The capsule undocked from the space station a couple of days ago

Nov 5, 2013 09:47 GMT  ·  By
ESA's ATV-4, Albert Einstein, is seen here reentering Earth's atmosphere above the southern Pacific Ocean
   ESA's ATV-4, Albert Einstein, is seen here reentering Earth's atmosphere above the southern Pacific Ocean

Amateur photographer Oliver Broadie has just released this amazing image showing the European Space Agency's (ESA) Automated Transfer Vehicle-4 (ATV) Albert Einstein as it reentered the Earth's atmosphere, on its way to a fiery death.

ATV-4 undocked from the International Space Station on October 28, at 08:55 GMT, and was immediately inserted into a safer orbit, about 100 kilometers (62 miles) below the space lab. It eventually burned up in Earth's atmosphere on November 2.
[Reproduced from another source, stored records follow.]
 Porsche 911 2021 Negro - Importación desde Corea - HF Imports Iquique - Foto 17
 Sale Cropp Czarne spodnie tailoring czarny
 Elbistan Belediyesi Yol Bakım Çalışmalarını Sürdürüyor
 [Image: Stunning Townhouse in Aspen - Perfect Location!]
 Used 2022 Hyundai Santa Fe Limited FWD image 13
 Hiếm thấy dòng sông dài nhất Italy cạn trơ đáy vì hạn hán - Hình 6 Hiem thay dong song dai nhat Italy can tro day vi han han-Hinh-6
This image, maybe one of the last ever taken of Albert Einstein, was snapped from Sukhothai, Thaiand, on November 2, at 18:35 local time. When ATV-class spacecraft finish their resupply missions to the ISS, they are deorbited and destroyed over uninhabited areas of the southern Pacific Ocean.

This spacecraft was the heaviest of its kind, ESA experts say. When it launched aboard an Ariane 5 rocket, on June 5, it weighed around 20 tonnes, and set a record for the heaviest vehicle ever to take off with this delivery system, Universe Today reports.